> **Entries provided**:
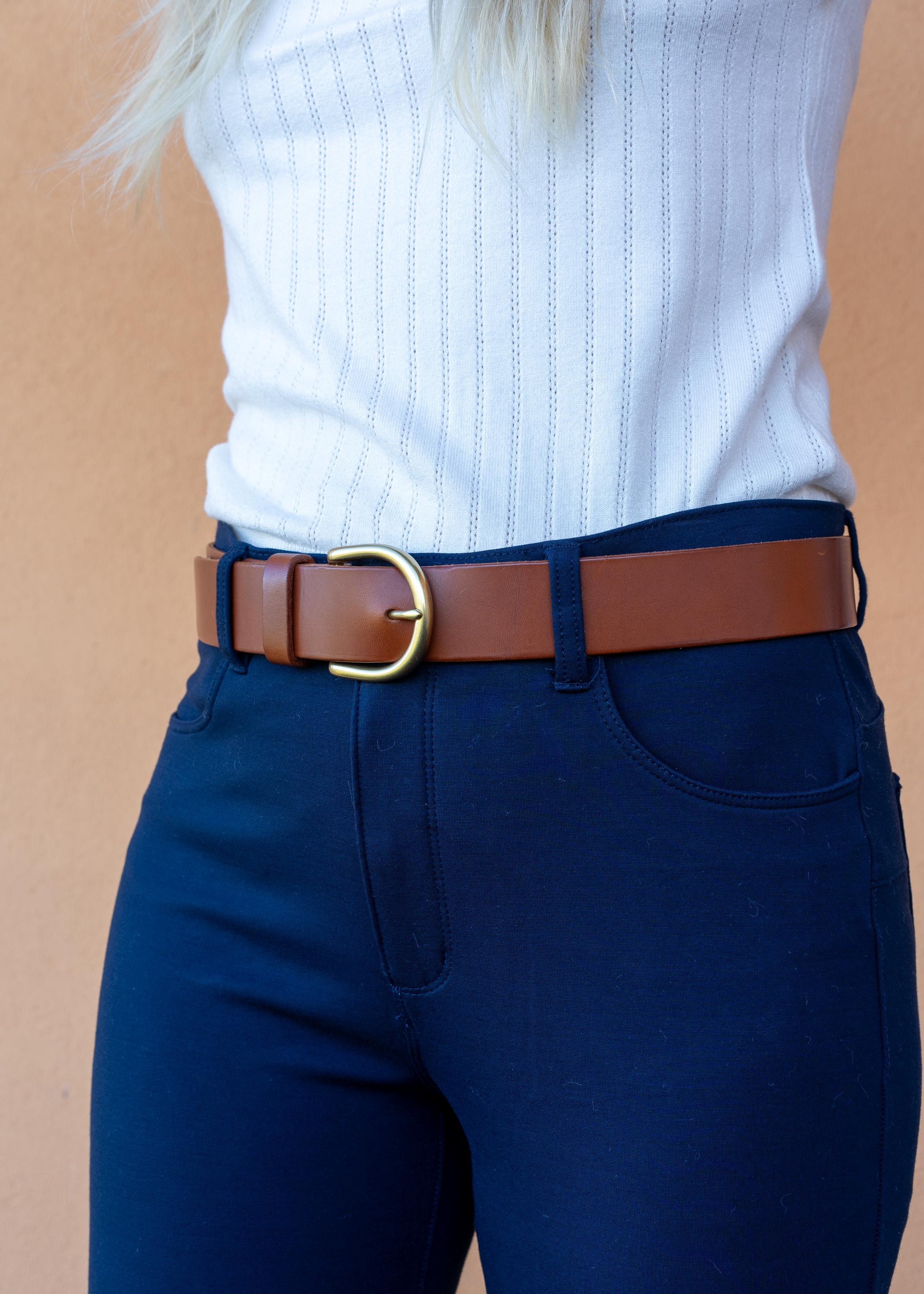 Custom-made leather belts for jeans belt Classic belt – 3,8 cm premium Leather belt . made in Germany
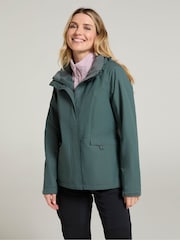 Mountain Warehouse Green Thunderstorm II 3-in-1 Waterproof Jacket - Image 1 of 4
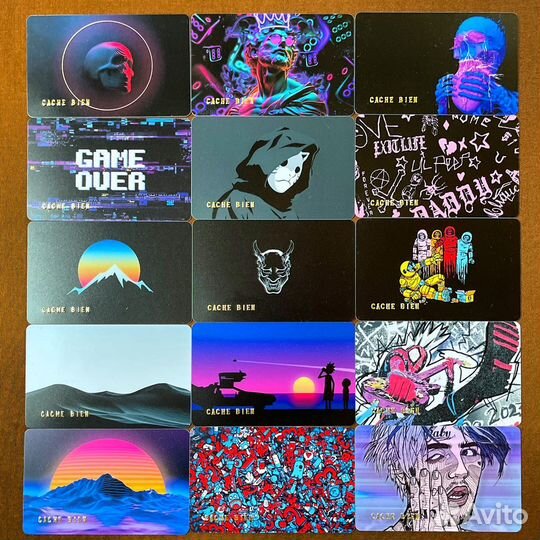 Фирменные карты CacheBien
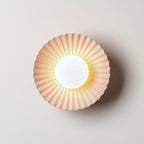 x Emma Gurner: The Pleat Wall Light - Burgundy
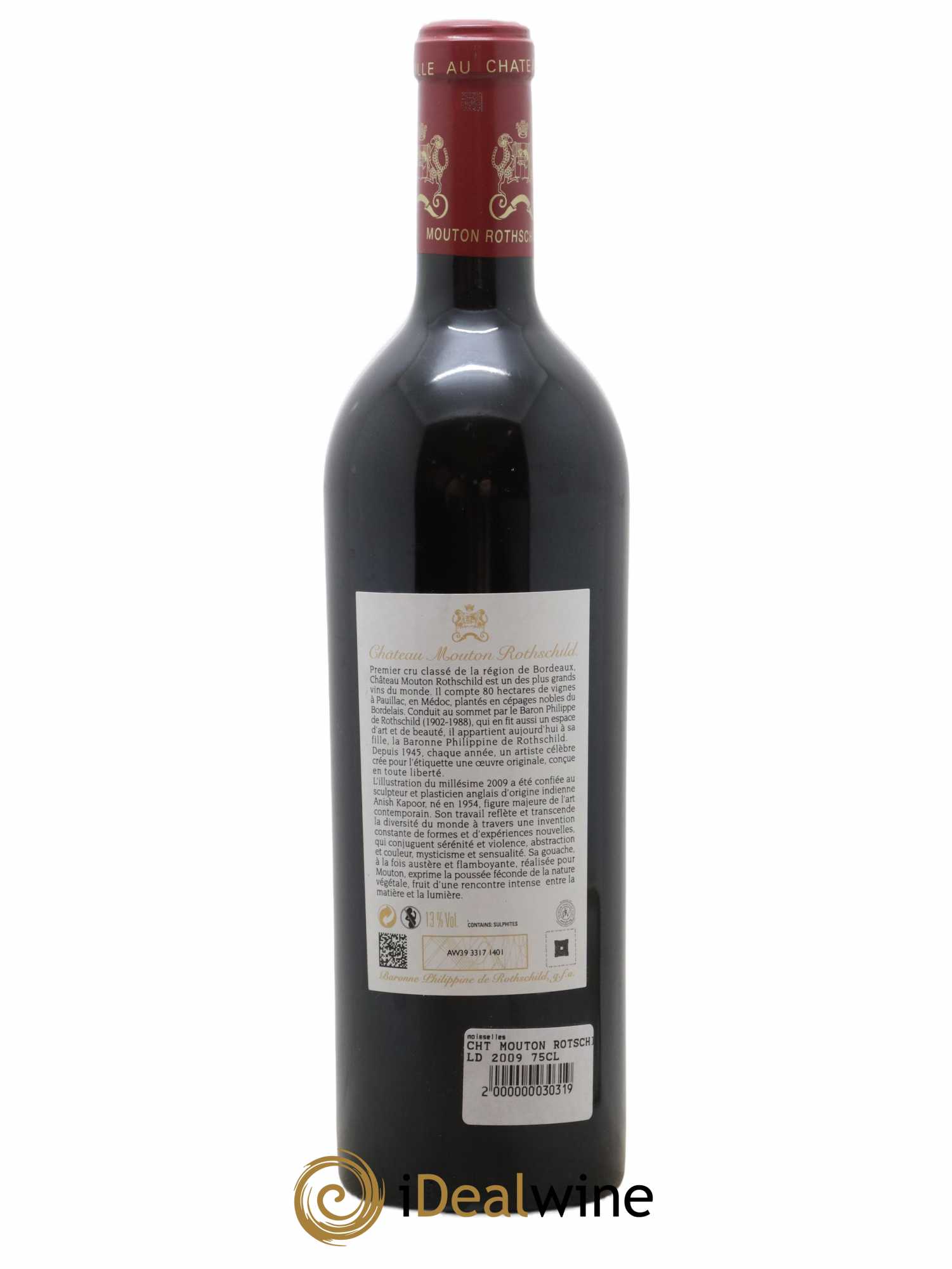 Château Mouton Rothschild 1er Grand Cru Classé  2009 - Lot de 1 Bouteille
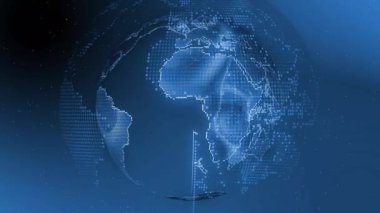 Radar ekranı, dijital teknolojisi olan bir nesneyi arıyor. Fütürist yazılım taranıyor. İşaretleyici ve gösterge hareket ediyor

> **Problem details**:
Pictures do not belong in the copy. Output all of the records exactly.

> **Answer to this exercise**:
 Custom-made leather belts for jeans belt Classic belt – 3,8 cm premium Leather belt . made in Germany
 Mountain Warehouse Green Thunderstorm II 3-in-1 Waterproof Jacket - Image 1 of 4
 Фирменные карты CacheBien
 x Emma Gurner: The Pleat Wall Light - Burgundy
 Château Mouton Rothschild 1er Grand Cru Classé  2009 - Lot de 1 Bouteille
 Radar ekranı, dijital teknolojisi olan bir nesneyi arıyor. Fütürist yazılım taranıyor. İşaretleyici ve gösterge hareket ediyor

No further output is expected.